Para o arbitramento do valor indenizatório, é cediço que se impõe observar critérios de razoabilidade e proporcionalidade, de modo a fixar a indenização de forma consentânea às particularidades de cada caso, para ao mesmo tempo não ser irrisória, a ponto de não compensar a ofensa aos direitos da personalidade, nem excessiva, evitando-se o enriquecimento sem causa.

O STJ tem adotado o “sistema bifásico” de reparação de danos morais, fixando o respectivo valor indenizatório considerando as duas etapas que devem ser percorridas para esse arbitramento. Na primeira etapa, deve-se estabelecer um valor básico para a indenização, considerando o interesse jurídico lesado, com base em grupo de precedentes jurisprudenciais que apreciaram casos semelhantes. Na segunda etapa, devem ser consideradas as circunstâncias do caso, para fixação definitiva do valor da indenização, atendendo a determinação legal de arbitramento equitativo pelo juiz.

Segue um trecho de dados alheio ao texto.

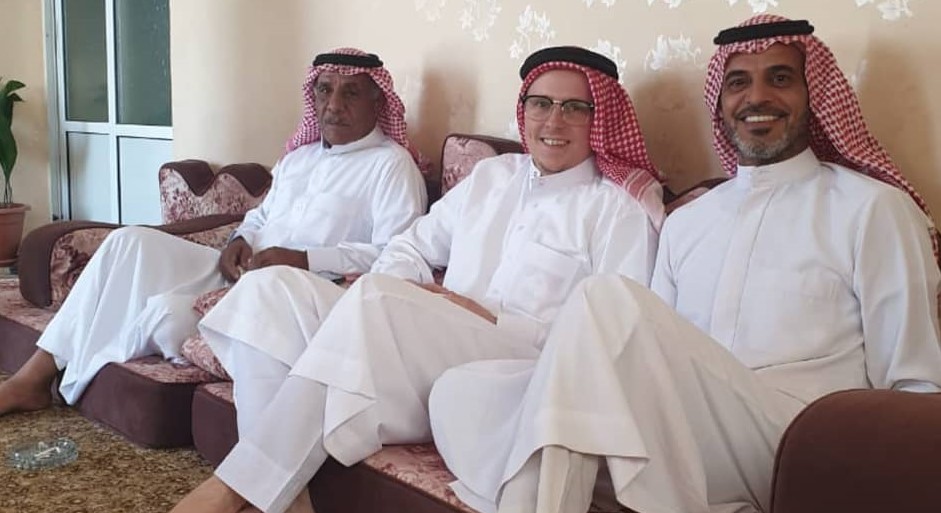 student seated on a couch with two men. all are dressed in traditional clothing and head dress for the Middle Eastern culture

Assim, considerando a jurisprudência consolidada desta 3ª Câmara de Direito Privado e sopesadas as circunstâncias, considerando-se a intensidade do dano, as condições pessoais da vítima, o poder financeiro do ofensor e sua culpa, mostra-se consentânea afixação do valor da indenização por danos morais no montante de R$ 5.000,00 (cinco mil reais), valor esse que se mostra razoável e adequado para fazer frente ao abalo moral sofrido pela parte autora, sendo certo que a majoração não implica ônus excessivo ao réu, tampouco enriquecimento sem causa da demandante.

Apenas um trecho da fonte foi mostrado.